10 seconds after the opmode is started, the ColorProcessor vision processor will divide by 0 in onDrawFrame, triggering the issue.

The example also has commented out vision code we were working on as an example of how this issue can be encountered naturally. It is a port of EasyOpenCV code, requiring a visualization to be programmed in onDrawFrame for feedback via the VisionPortal. This resulted in sneaky ConcurrentAccessExceptions that could occur with variable timing, presumably depending on how the threads lined up. It could happen immediately after VisionPortal setup, be absent for an entire meeting, or appear when color calibration values entered a certain range. The logging behavior described below made determining what was happening very difficult. (The ConcurrentAccessExceptions are not the issue here, just an example of a potential common trigger. It's an easy trap if you don't realize the two functions are on separate threads!)

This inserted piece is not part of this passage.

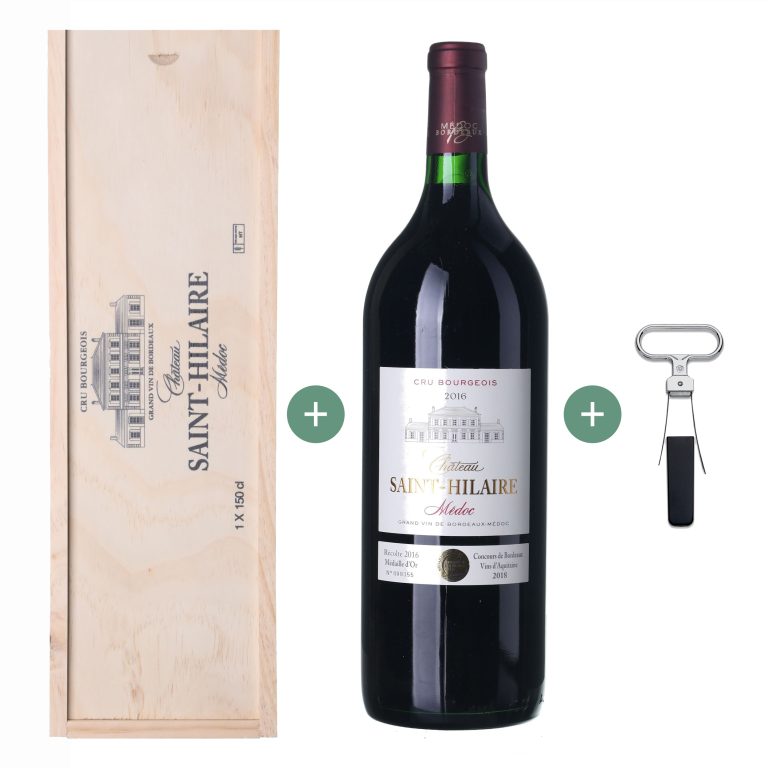 2016 Médoc Château Saint-Hilaire Magnum (volume 1,5 l) - gift set wooden (+ gift box and wine opener)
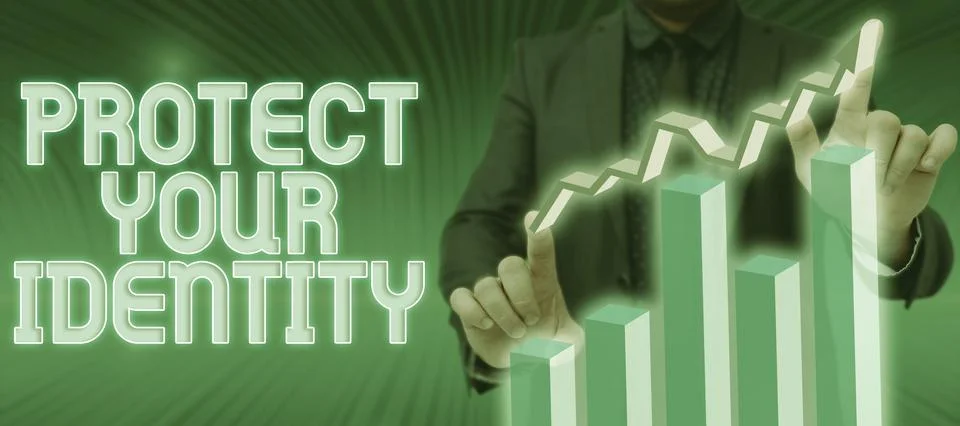 Text caption presenting Protect Your Identity. Conceptual photo secure from data Stock Photos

I haven't seen every possible outcome described below with this minimal example, so it is possible that other code or dependencies in our robot projects was partly responsible for specific behavior (FTCDashboard in particular might be a culprit, though we never use the opmode controls in it). I think it's just down to the randomness of what happens and not having run this example nearly as much as student robot code. We haven't had any further incidents at all since fixing the ConcurrentAccessExceptions so I am quite confident that the issues all at least started with this bug occurring.

Behavior

When an exception occurs in onDrawFrame(), viewing the robot's "screen" via an HDMI monitor or something like scrcpy will show that the Robot Controller app has stopped along with a prompt to reopen it. No exception is recorded in the robot's logs, and none is shown on the Driver Station. What exactly happens next varies; rebooting the robot or redeploying code (if possible) seems to affect the results, even if the program is unchanged.

The current opmode may or may not continue running despite the "app" having "quit". If it stops, it may stop such that motors freeze at their last set speed for a second before stopping. If it continues running, more strange and inconsistent behavior occurs.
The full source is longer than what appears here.